UCITS and ETF – What’s in it for you?
The European Union is making UCITS directives since many years (dating back to 1985). With many amendments added to the UCITS directives both individual investors and providers benefit of the UCITS directive.
For investors it all boils down to financial products that have to comply to a number of rules. For providers of financial products such as ETF’s it means that the UCITS label opens up the whole EU for them.
Why ETF’s use the UCITS label
In order to comply with financial rules and regulations in the EU a provider of investment products may opt for a UCITS or AIFMD license. In order to aim your product to individual investor a UCITS license is obligatory.
That is why most (if not all) ETF providers chose to operate under the UCITS banner. The AIFMD license only allows them to sell ETF’s to professional customers. As we all know ETF’s are vastly popular with individual investors so not complying with UCITS would not be very wise.
What are the benefits of UCITS for ETF investors?
The main benefit for an ETF investor is that a UCITS ETF is an ETF that complies to rules that provides a certain level of security to your investment. Many rules are implied when an ETF is offered under the UCITS license. Here we will explore some of the major UCITS rules that are beneficial to individual ETF investors:
20% rule for UCITS ETF’s
A UCITS ETF may only invest up to 20% of net assets issued by the same provider. In some cases this percentage may go up to 35% but in general this limits the possibilities of using the funds of customers for investments that benefit the same provider.

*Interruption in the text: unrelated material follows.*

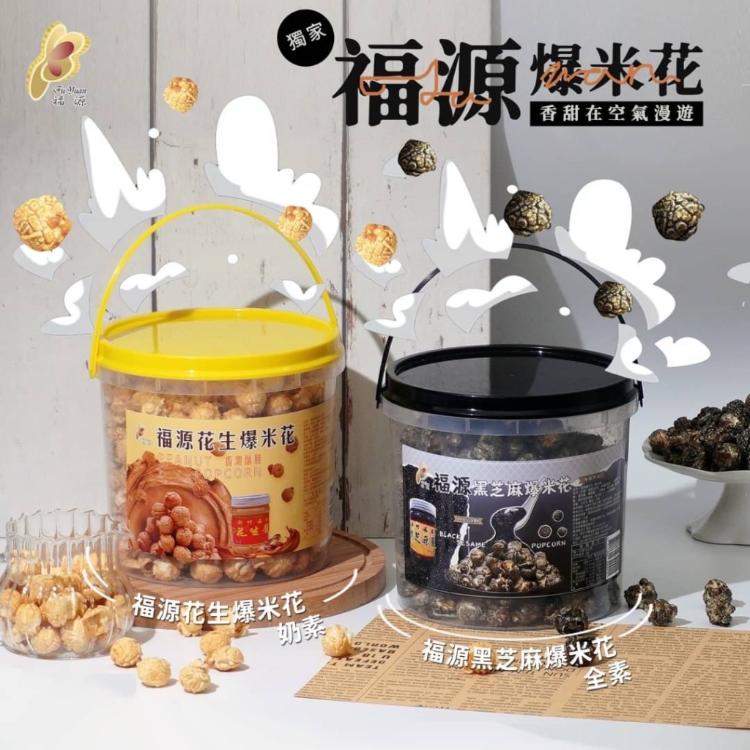 免運!福源爆米花,福源花生醬／福源黑芝麻醬 250g (4罐,每罐232.2元)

If the ETF is an index ETF the maximum weighting of 1 asset may be 20% or 35% in some exceptional cases. This makes sure that risks are spread widely.
The index that is tracked must be published in an accessible way
If a UCITS ETF is tracking an index this rule makes sure that this index is widely available to the public. So you as an ETF investor should be able to see and verify such an index in an easy and accessible way.
Rules regarding tracking information
A UCITS ETF provider should always make clear how they track the index and underlying assets. They should make clear whether tracking is done in a full or sample based physical replication or that they use a synthetic way of tracking the ETF.
Explanations about ETF leverage
If a leveraged ETF is offered the ETF provider should make clear how this leverage is being achieved and what kind of risk is involved. They should also make clear how results may vary from the index it tracks.
UCITS as an international brand for ETF’s
Today all major ETF issuers use the UCITS license to enter the EU market. For them it does not only provide access to the large European investor market. It also provides a trustworthy label that allows for larger assets flowing in.
So it really is a win-win to both investors and providers. But, of course, a UCITS label does not imply that you do not run any risk anymore. Of course investing is all about risks and returns.